# What is expected:
The entries below contain pictures. Write out only the lines from the line with "龙州旅游特产,龙州金龙有什么特产" up to and including the line with "طرز استفاده از", exactly, without them.

# Source data:
━━━━━━━━━━━━━━━━

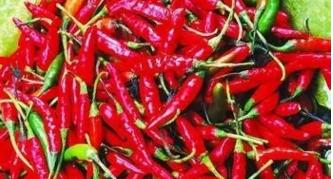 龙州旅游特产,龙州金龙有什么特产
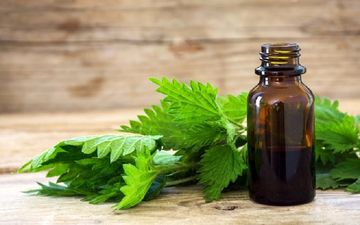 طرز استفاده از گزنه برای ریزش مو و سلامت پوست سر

━━━━━━━━━━━━━━━━

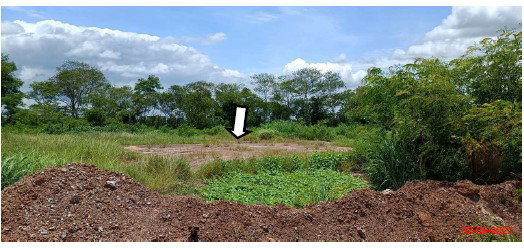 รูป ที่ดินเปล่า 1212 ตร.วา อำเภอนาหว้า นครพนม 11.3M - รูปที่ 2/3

━━━━━━━━━━━━━━━━

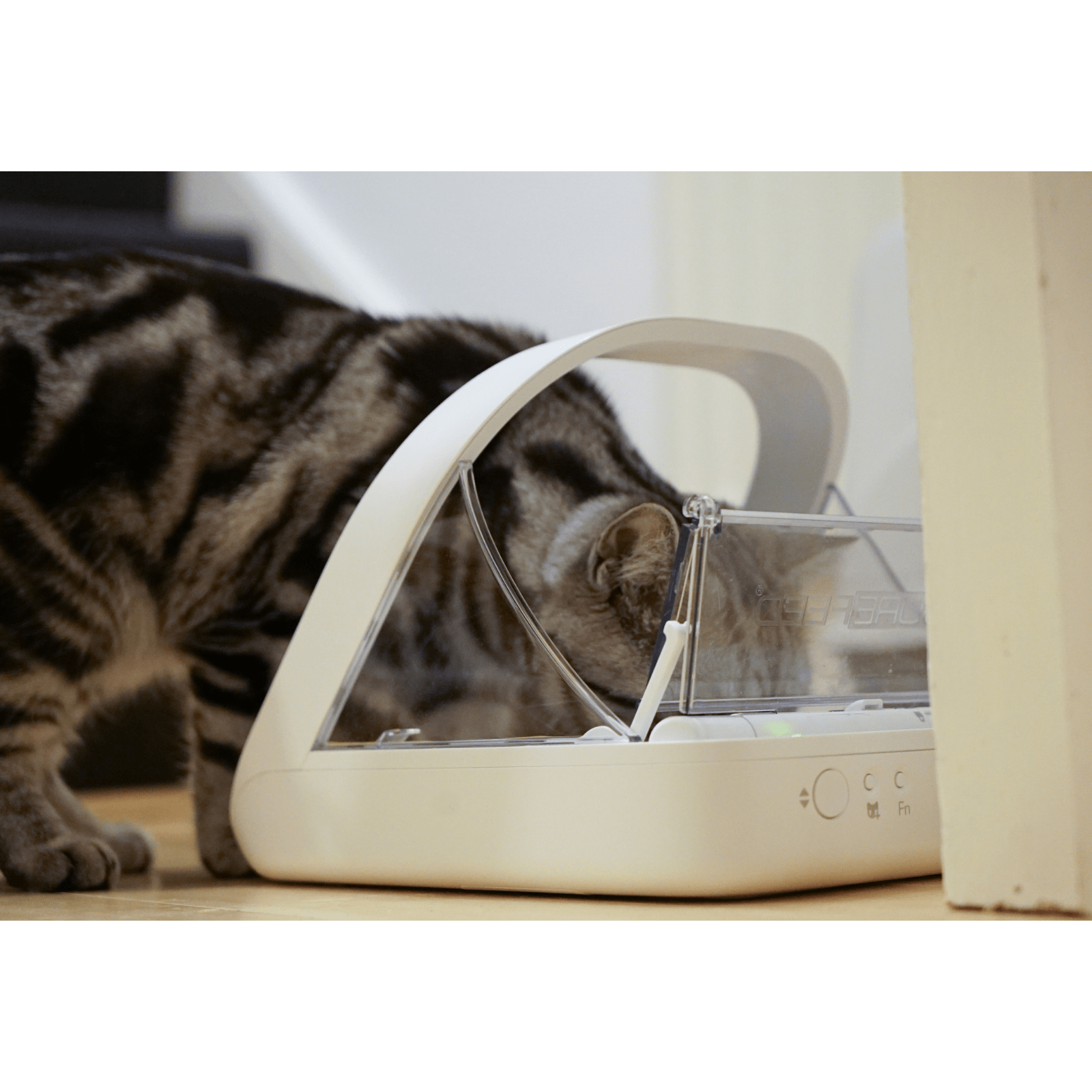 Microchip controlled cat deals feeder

━━━━━━━━━━━━━━━━

# Solution to the problem:
 龙州旅游特产,龙州金龙有什么特产
 طرز استفاده از گزنه برای ریزش مو و سلامت پوست سر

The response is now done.